How do you make sense of such a senseless tragedy?
When you're in ministry you have to deal with grief and loss more often but for me, frequency doesn't make it easier. Especially when its this kind of situation. When I heard the news my mind immediately went to the last time I saw her which was a couple of months ago. We were sitting on the couch in her living room and we talked about our girls and then she talked to me about the divorce she was going through. She didn't seem depressed or really upset in any way. She even seemed like she was ready for the divorce to be final so everyone could move forward. So as I'm replaying our last conversation, I search for what I could have said or done differently. I wonder if I'd just done something differently if things would have ended better.
I went through a similar thought process a little over a year ago when my brother-in-law took his own life leaving my beautiful niece and nephew to pick up the pieces.
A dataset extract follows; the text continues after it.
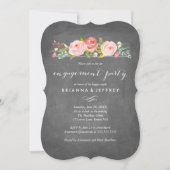 Roos Garden Floral Engagement Party Invitation Kaart (Voorkant)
Even though he and my sister divorced he'd been in my life since I was 14 and I loved him so much. I remember talking to my niece shortly after. The brokeness in her voice crushed my heart, but I knew the pain I was feeling was a mere fraction of what she was dealing with.
I think everyone who knows someone who commits suicide goes through this mental run down of the "what if's". We all wonder if we were the reason or if we could have somehow saved that person.
In my line of work it feels like a failure even when you barely knew the person.
It was in that guilt-ridden moment that I realized how real the battle is that is being waged for us. God loves us and pursues us but there is also an enemy who fights to hurt and even destroy us. And the first place he works is in our minds; beneath the surface. We are children of God and our value is beyond measure so if the enemy can convince us that we are worthless than he has won.
It left me thinking about what someone must be feeling and thinking when they are to a place where death seems like the best option. What a place of hopeless despair that must be. How dark and lonely is it there? I think nothing grieves the heart of God more than seeing a beloved child in this place.
I've heard some people call people who commit suicide selfish or saying that "they took the easy way out" but I would disagree. If you talk to people who've attempted suicide they will tell you that they felt like a worthless burden and their friends and family would be better off. Of course, that is never the reality but the enemy has spent so much time feeding these lies to them that they are convinced this is true.
Yeah suicide is bad- blah, blah, blah. So what's my point? My point is simple: love people. Love all people- even the unlovable, emotionally draining ones. You never know what is going on beneath the surface. You never know when your small act of random kindness will save someone's life. When we love people with God's love it brings truth and light to them. The lies of the enemy can't win over the truth of God. So often we associate suicide with troubled teens but it is an increasingly popular cause of death in people ages 18-35. It's too late for my friend and my brother but there could be someone in your life now that still has a chance.